If you use a block cipher (DES, AES, etc.) to encrypt "n+0", "n+1", "n+2", etc., for some random initial offset n, and concatenate the byte blocks of encrypted numbers, you have in some sense a simulation of the perfect XOR encryption; if the block cipher is strong, this is strong as well (maybe if the block cipher can be broken in O(t), this can be broken in O(sqrt(t)), but if t is superpolynomial, so is sqrt(t)). [This is known as "Counter Mode", and you can use it to protect your ssh sessions. It has a bunch of nice properties compared to other Modes Of Operation, but that's beyond today's cryptography lecture.]
* Say we have a residents meeting at my dorm, and someone suggests we buy a Wii for our basement lounge. Later, I see an encrypted message between the dorm chairman and SomeWiiShop.dk. I know my dorm chairman is not a gamer, so my natural assumption is that she's acting on the request for a Wii. Since I also know about the applications of cryptography (for transactions in e-trade, but not the shopping pages), I assume she's bought a Wii (plus maybe some games and controllers). This is all without decryption. The "perfect security" of XOR is saying that I can't improve my guess by trying to decrypt---not that I can't have a good guess before trying to decrypt.
DRM *is* security through obscurity (Score:3, Informative)
the only even-more-half-assed solution they can think of to make it hard to crack the DRM is security-through-obscurity.
But... but...
DRM is security by obscurity.
Here's how DRM works: I encrypt the movie, such that a given key k is required to decrypt it. To play the movie, you need to decrypt it first.
Then, I give you the key. I don't want you to decrypt-and-save, or decrypt-and-share-with-your-6-billion-best-friends, but I want you to decrypt-and-play.
This "works" by putting a "Play" button in the playback software which does the decrypt-and-play, and not putting in a "Save" button which does the decrypt-and-save.

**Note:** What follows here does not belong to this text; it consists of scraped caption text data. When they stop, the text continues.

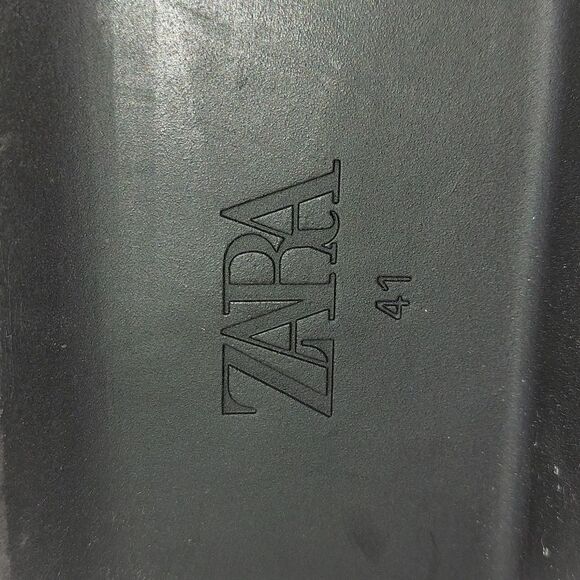 Zara Black Patent Platform Derby Shoe Sz 10 - Picture 12 of 13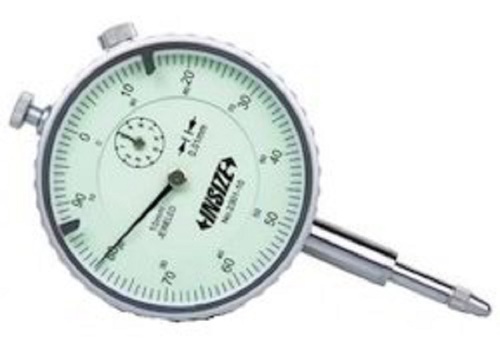 INSIZE 2301-10 Dial Indicator - Plastic Construction, 58.0mm Dial Diameter, 0-10mm Range, Accuracy of 0.01 | White Color, 230V Power, 2-Year Warranty, NABL Traceable Calibration Available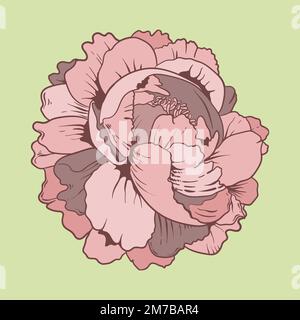 Vintage rose old school flash tattoo design symbol vector Stock Vector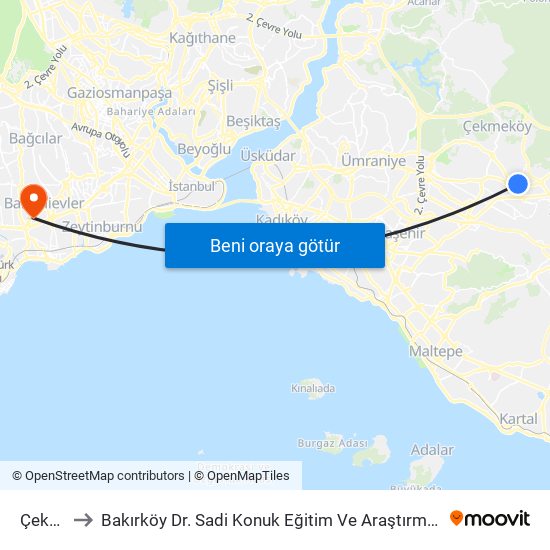 Çekmeköy to Bakırköy Dr. Sadi Konuk Eğitim Ve Araştırma Hastanesi Bahçelievler Polikliniği map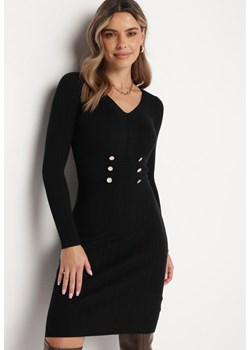 Czarna Sweterkowa Sukienka Midi z Guzikami Zeilie ze sklepu Born2be Odzież w kategorii Sukienki - zdjęcie 166639767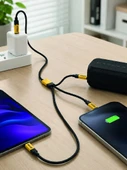 240W Çoklu Şarj Kablosu Type-C Lightning Micro Usb Örgü Kablo thumbnail 3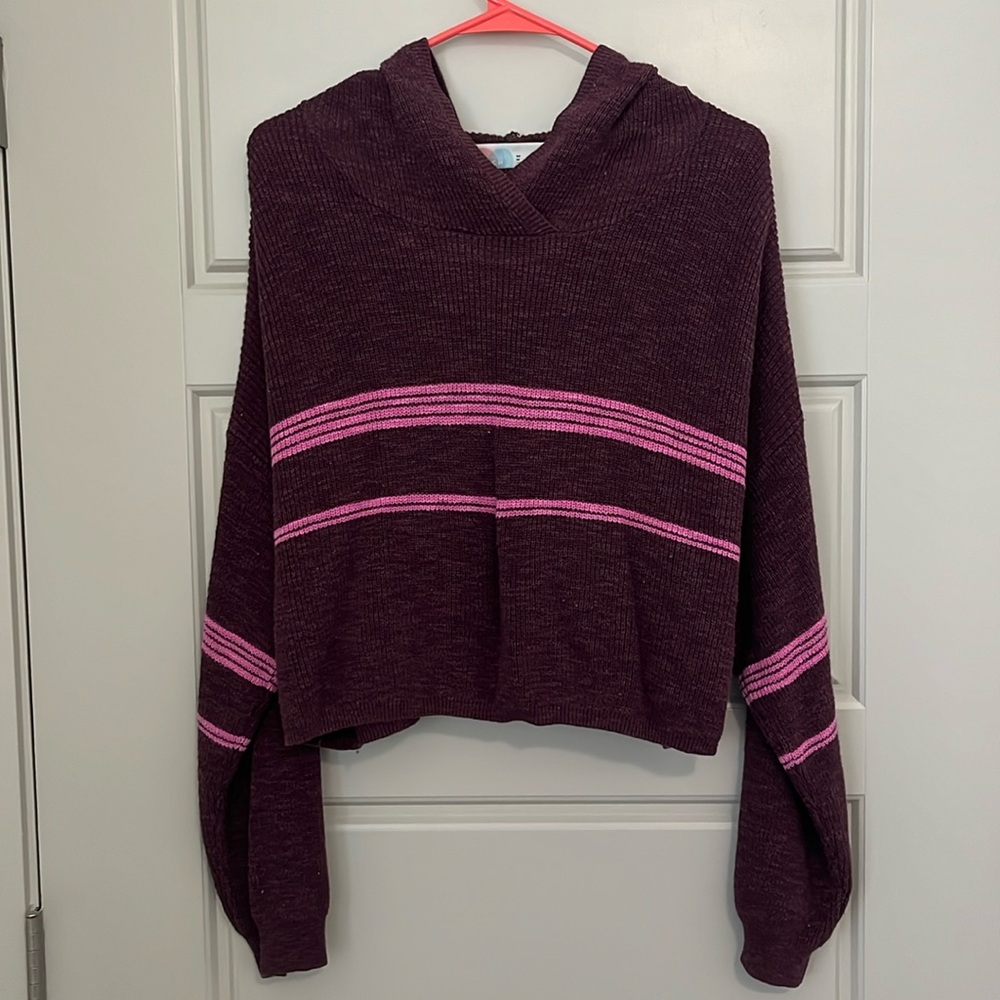 Free people crop hoodie purple and pink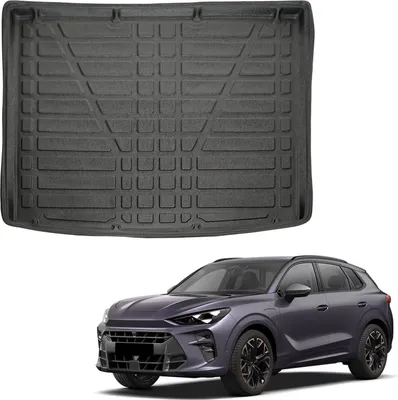 Image de Tapis De Coffre Sur Mesure Pour Cupra Terramar Depuis 2024, Noir, Antidérapant, Bord Haut, Toutes Saisons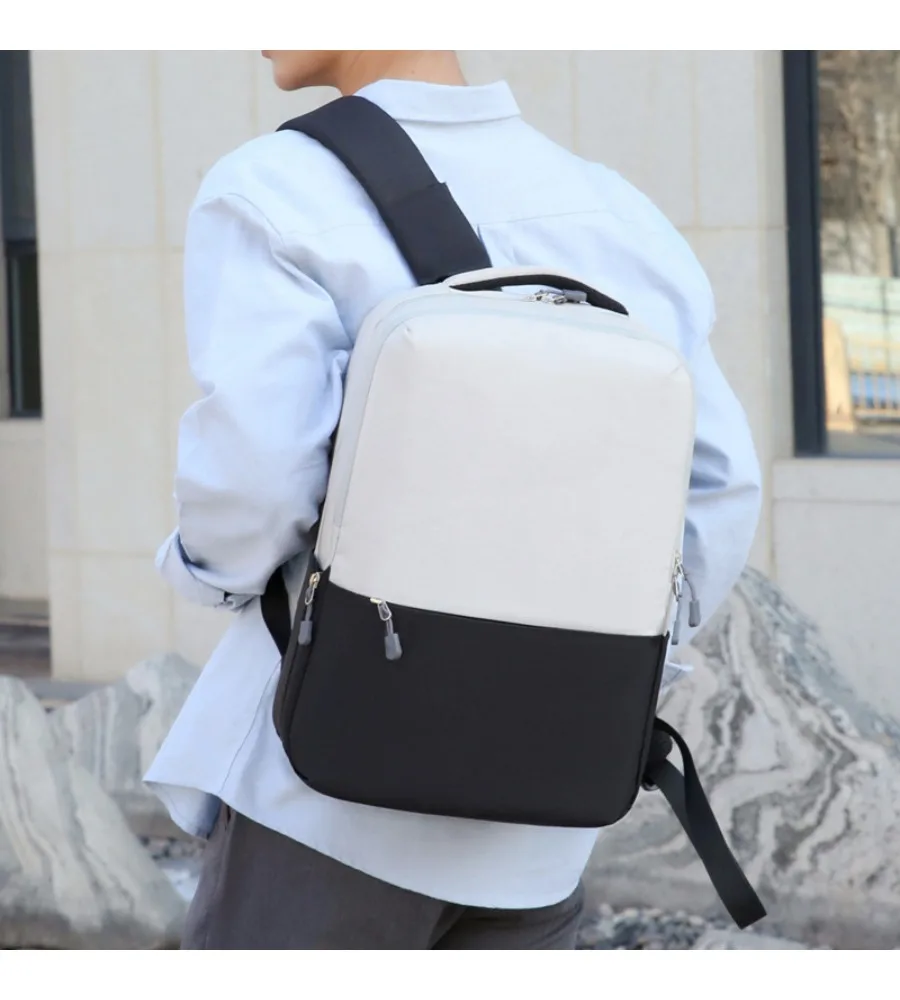 Two tone gray white laptop backpack anti splash soft fabric large space for office commute short travel daily item storage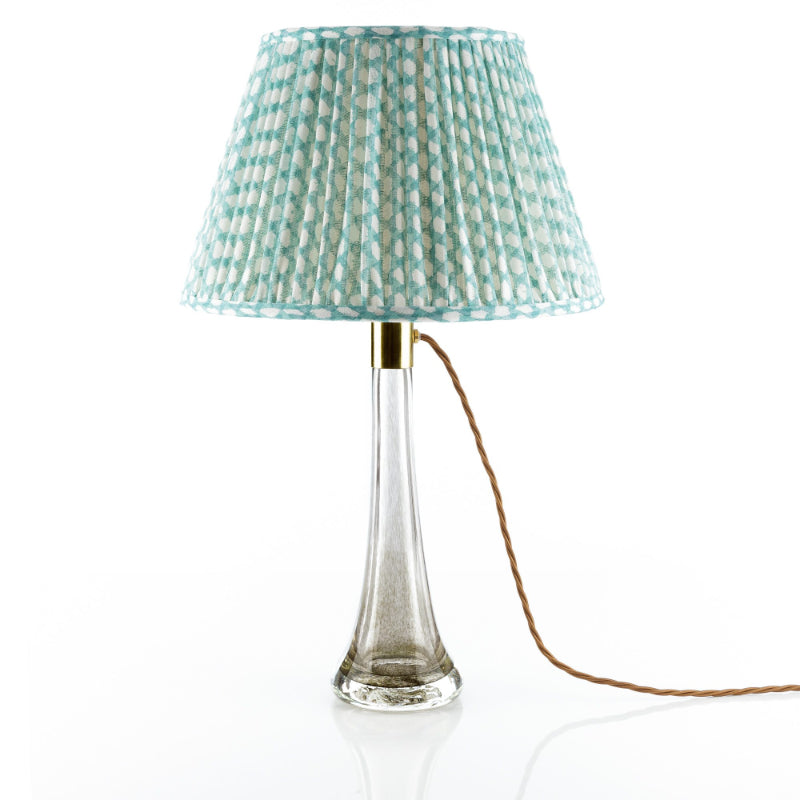 Gathered Lampshade Turquoise Wicker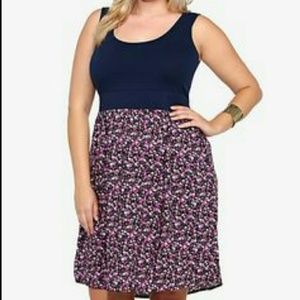 Torrid  Navy tank Floral dress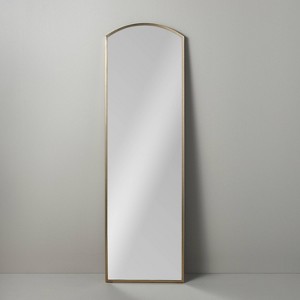 Arched 19"x64" Rectangular Metal Leaning Floor Mirror Brass - Hearth & Hand™ with Magnolia: Vintage-Inspired, Wall Secure - 1 of 4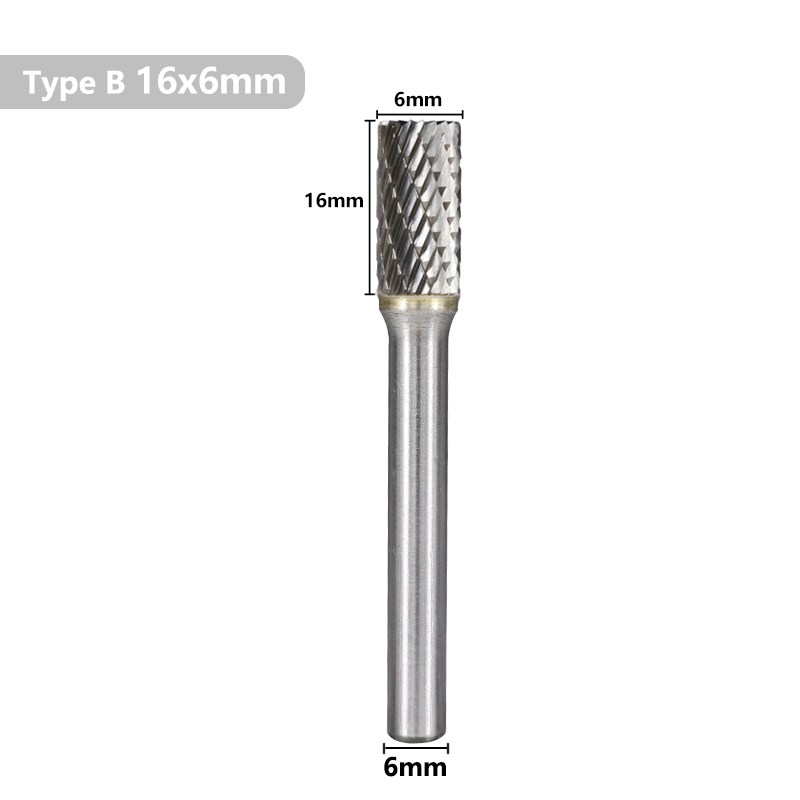 Xcan bestanden schurend gereedschap 6mm schacht dubbele snit roterende burrs bit b type wolfraam carbide roterend bestand voor metalen houten handgereedschap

But if you run the program step-by-step in a debugger (which is boring and laborious and takes some background knowledge, but is a skill every competent programmer should have), you can see exactly how the program does the "decrypt-and-" part. Then you can write your own tool which adds "save" to the "decrypt-and-" bit.
Your only defence against someone using a debugger is hiding the key, using the key, and manipulating the decrypted data in ways that are too complex and confusing for the people using the debugger to understand. The name for doing that is `obscurity'.